#### [Activity]
Exactly as they appear, copy the lines of the listing from the one containing "2021 Dodge Challenger R/T" through the final line, both included, and nothing else.

#### [Material supplied]
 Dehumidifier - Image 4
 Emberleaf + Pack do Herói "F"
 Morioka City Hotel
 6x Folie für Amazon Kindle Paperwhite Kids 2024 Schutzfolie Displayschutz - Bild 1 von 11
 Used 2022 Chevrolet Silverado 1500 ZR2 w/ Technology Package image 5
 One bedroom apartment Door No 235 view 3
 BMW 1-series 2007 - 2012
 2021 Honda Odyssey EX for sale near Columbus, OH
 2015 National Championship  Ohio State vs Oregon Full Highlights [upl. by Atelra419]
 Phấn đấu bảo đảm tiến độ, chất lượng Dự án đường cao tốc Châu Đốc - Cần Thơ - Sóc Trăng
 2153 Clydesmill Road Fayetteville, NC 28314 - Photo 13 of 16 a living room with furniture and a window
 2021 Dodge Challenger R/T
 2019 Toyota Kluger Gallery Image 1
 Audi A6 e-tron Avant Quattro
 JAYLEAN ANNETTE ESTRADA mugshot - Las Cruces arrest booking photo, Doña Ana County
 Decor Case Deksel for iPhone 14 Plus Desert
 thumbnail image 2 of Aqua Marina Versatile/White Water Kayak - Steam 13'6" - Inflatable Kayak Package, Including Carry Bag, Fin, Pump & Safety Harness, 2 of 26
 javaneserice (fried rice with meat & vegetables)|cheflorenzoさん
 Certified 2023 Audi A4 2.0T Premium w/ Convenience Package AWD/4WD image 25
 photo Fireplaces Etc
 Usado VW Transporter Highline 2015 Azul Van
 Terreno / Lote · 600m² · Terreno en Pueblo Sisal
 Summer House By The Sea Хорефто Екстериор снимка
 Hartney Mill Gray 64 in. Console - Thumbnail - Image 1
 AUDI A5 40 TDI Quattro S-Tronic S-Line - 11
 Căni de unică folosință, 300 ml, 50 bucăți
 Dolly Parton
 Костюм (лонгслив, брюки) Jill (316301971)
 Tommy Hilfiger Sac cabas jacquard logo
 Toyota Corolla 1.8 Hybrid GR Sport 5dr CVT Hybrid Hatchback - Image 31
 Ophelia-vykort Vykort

#### [Written reply]
 2021 Dodge Challenger R/T
 2019 Toyota Kluger Gallery Image 1
 Audi A6 e-tron Avant Quattro
 JAYLEAN ANNETTE ESTRADA mugshot - Las Cruces arrest booking photo, Doña Ana County
 Decor Case Deksel for iPhone 14 Plus Desert
 thumbnail image 2 of Aqua Marina Versatile/White Water Kayak - Steam 13'6" - Inflatable Kayak Package, Including Carry Bag, Fin, Pump & Safety Harness, 2 of 26
 javaneserice (fried rice with meat & vegetables)|cheflorenzoさん
 Certified 2023 Audi A4 2.0T Premium w/ Convenience Package AWD/4WD image 25
 photo Fireplaces Etc
 Usado VW Transporter Highline 2015 Azul Van
 Terreno / Lote · 600m² · Terreno en Pueblo Sisal
 Summer House By The Sea Хорефто Екстериор снимка
 Hartney Mill Gray 64 in. Console - Thumbnail - Image 1
 AUDI A5 40 TDI Quattro S-Tronic S-Line - 11
 Căni de unică folosință, 300 ml, 50 bucăți
 Dolly Parton
 Костюм (лонгслив, брюки) Jill (316301971)
 Tommy Hilfiger Sac cabas jacquard logo
 Toyota Corolla 1.8 Hybrid GR Sport 5dr CVT Hybrid Hatchback - Image 31
 Ophelia-vykort Vykort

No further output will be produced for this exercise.